**** Dataset excerpt ****

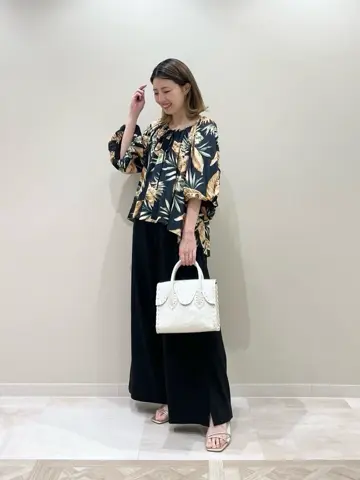 GRACE CONTINENTAL minami コーディネート画像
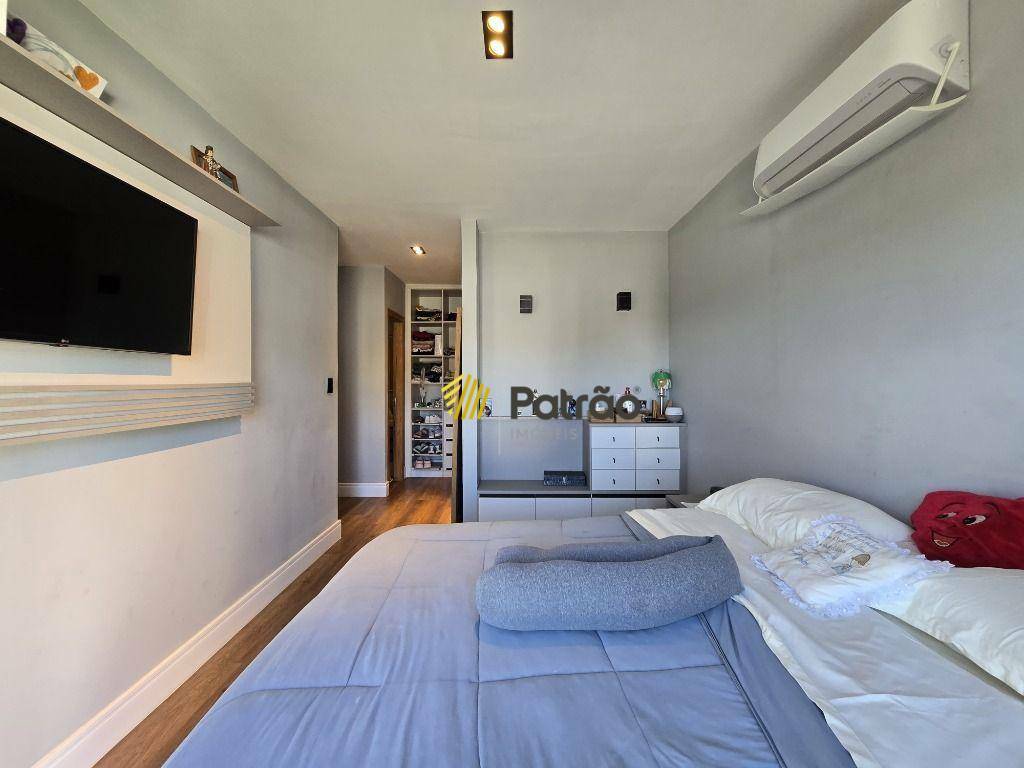 Casa de Condomínio à venda com 3 quartos, 435m² - Foto 26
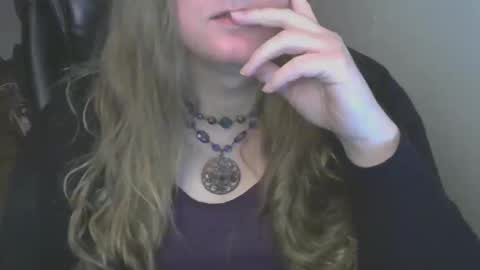 Snapshot of calcavorix chatting on 03/28/26, 12:43 Calie online show from 03/28/26, 12:43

****

### Exercise brief
Lines from the one that contains "Casa de Condomínio" through the last line of the data above are to be extracted exactly, with no pictures and no other lines.

### Answer
 Casa de Condomínio à venda com 3 quartos, 435m² - Foto 26
 Snapshot of calcavorix chatting on 03/28/26, 12:43 Calie online show from 03/28/26, 12:43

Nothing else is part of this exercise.